● **Problem to solve**
Copy out the full data exactly as given; pictures should not be included.

Image-caption web data
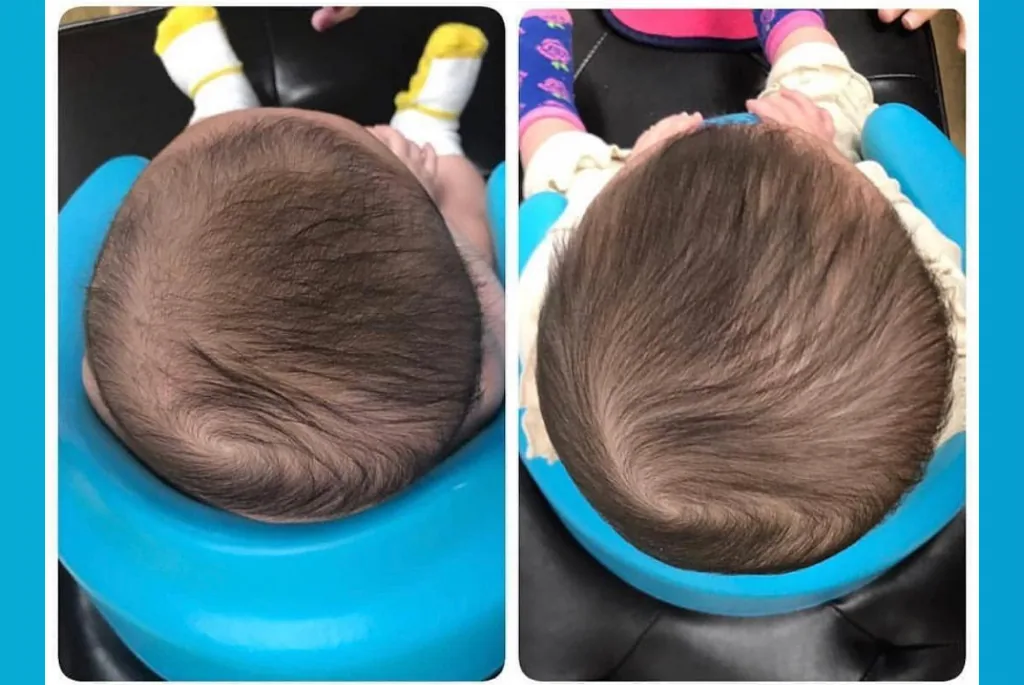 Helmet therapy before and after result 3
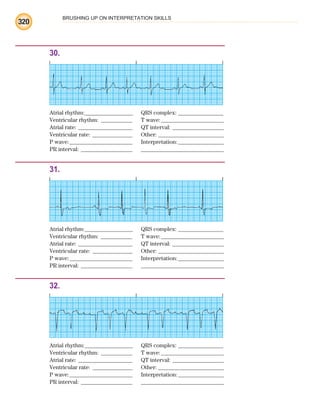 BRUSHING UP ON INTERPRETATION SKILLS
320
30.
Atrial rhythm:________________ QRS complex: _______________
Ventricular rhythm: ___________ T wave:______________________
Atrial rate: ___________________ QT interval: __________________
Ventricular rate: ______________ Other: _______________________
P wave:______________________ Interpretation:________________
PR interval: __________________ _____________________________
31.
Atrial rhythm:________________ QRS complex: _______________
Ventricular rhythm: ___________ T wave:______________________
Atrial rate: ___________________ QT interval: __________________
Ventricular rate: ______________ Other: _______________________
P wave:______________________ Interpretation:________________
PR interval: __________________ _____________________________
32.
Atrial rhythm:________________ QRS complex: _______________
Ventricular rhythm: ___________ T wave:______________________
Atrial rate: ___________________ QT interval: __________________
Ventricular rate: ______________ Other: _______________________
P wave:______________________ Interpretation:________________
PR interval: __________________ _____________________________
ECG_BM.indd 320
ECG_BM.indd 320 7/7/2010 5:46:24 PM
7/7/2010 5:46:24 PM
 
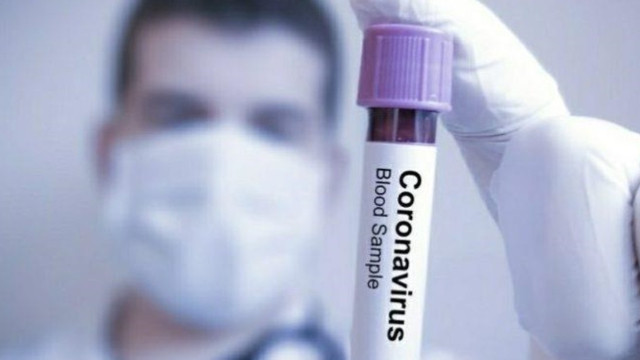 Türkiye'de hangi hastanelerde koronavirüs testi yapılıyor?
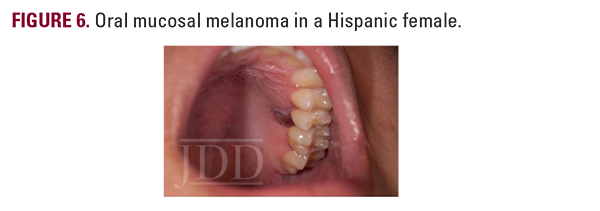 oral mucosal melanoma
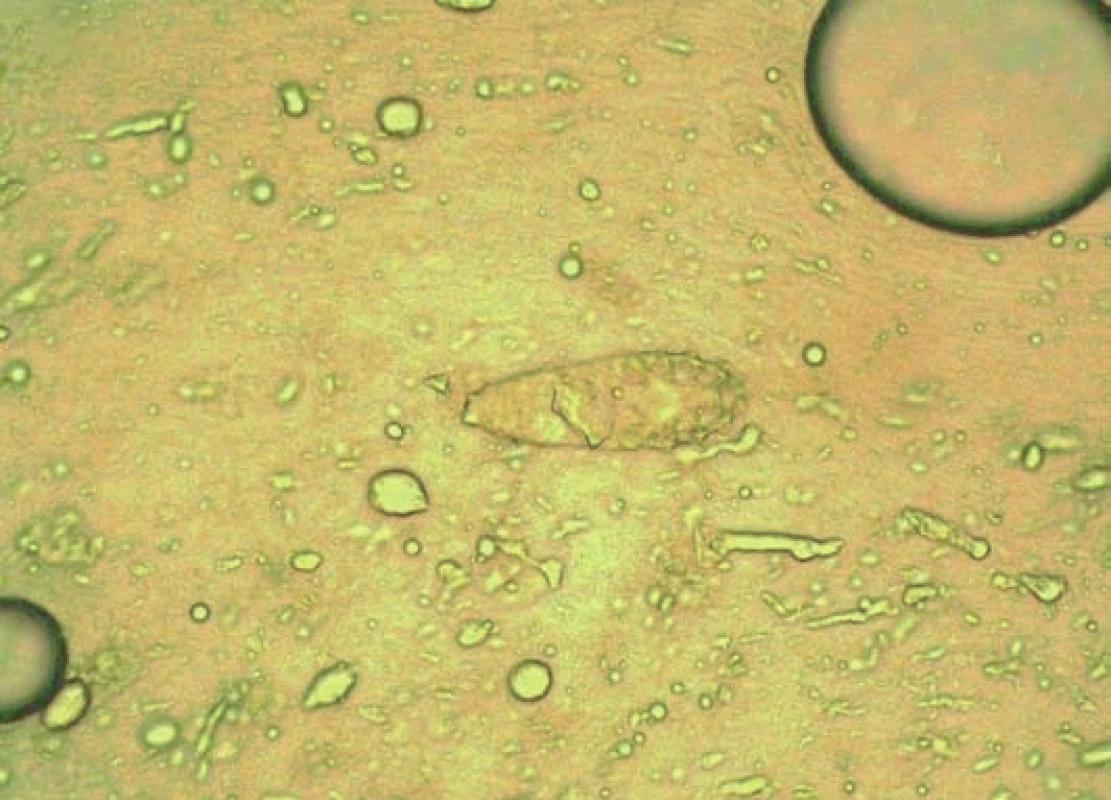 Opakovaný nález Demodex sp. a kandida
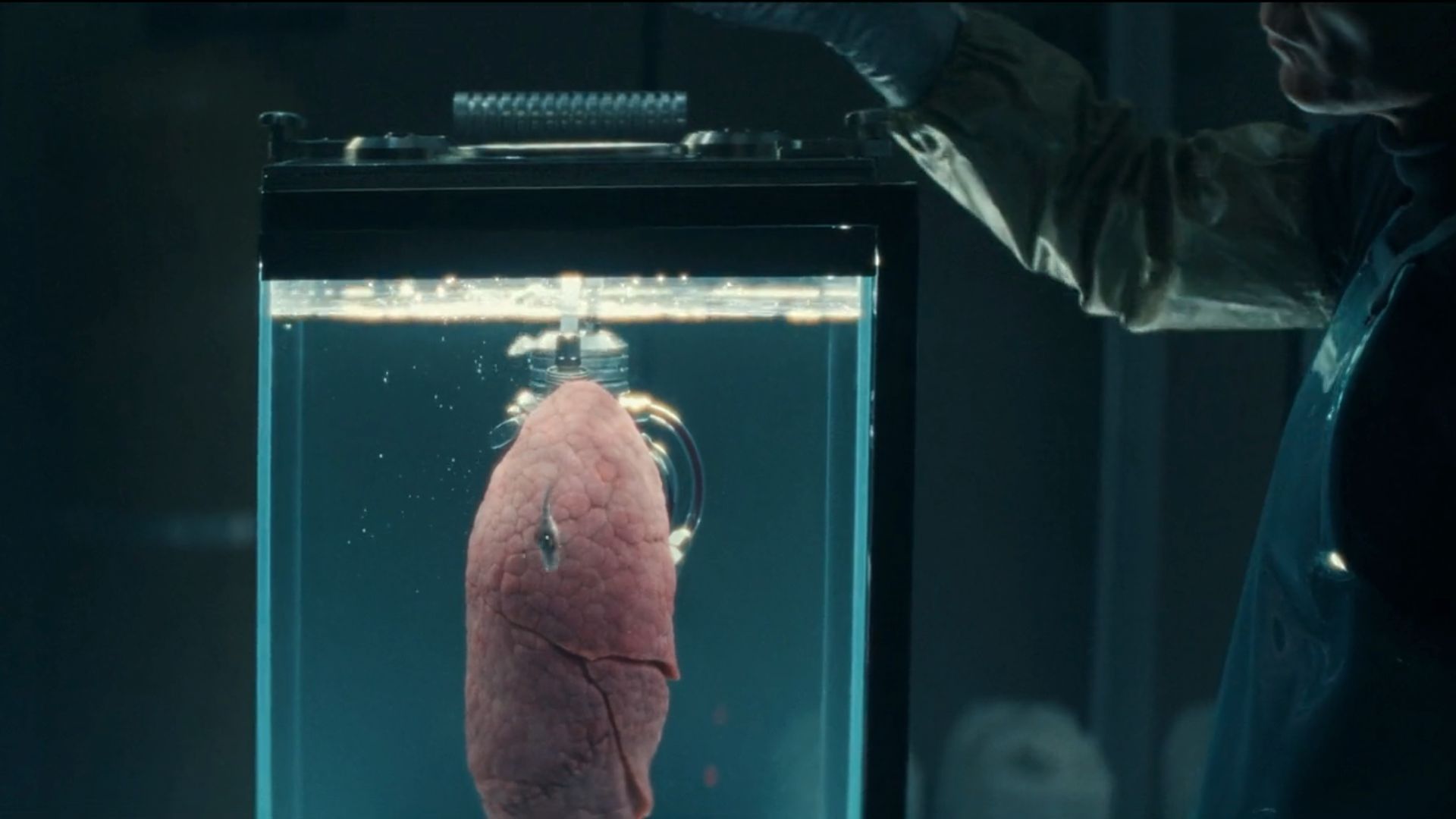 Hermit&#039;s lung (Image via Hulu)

● **Result below**
 Helmet therapy before and after result 3
 BRUSHING UP ON INTERPRETATION SKILLS
320
30.
Atrial rhythm:________________ QRS complex: _______________
Ventricular rhythm: ___________ T wave:______________________
Atrial rate: ___________________ QT interval: __________________
Ventricular rate: ______________ Other: _______________________
P wave:______________________ Interpretation:________________
PR interval: __________________ _____________________________
31.
Atrial rhythm:________________ QRS complex: _______________
Ventricular rhythm: ___________ T wave:______________________
Atrial rate: ___________________ QT interval: __________________
Ventricular rate: ______________ Other: _______________________
P wave:______________________ Interpretation:________________
PR interval: __________________ _____________________________
32.
Atrial rhythm:________________ QRS complex: _______________
Ventricular rhythm: ___________ T wave:______________________
Atrial rate: ___________________ QT interval: __________________
Ventricular rate: ______________ Other: _______________________
P wave:______________________ Interpretation:________________
PR interval: __________________ _____________________________
ECG_BM.indd 320
ECG_BM.indd 320 7/7/2010 5:46:24 PM
7/7/2010 5:46:24 PM
 
 Türkiye'de hangi hastanelerde koronavirüs testi yapılıyor?
 oral mucosal melanoma
 Opakovaný nález Demodex sp. a kandida
 Hermit&#039;s lung (Image via Hulu)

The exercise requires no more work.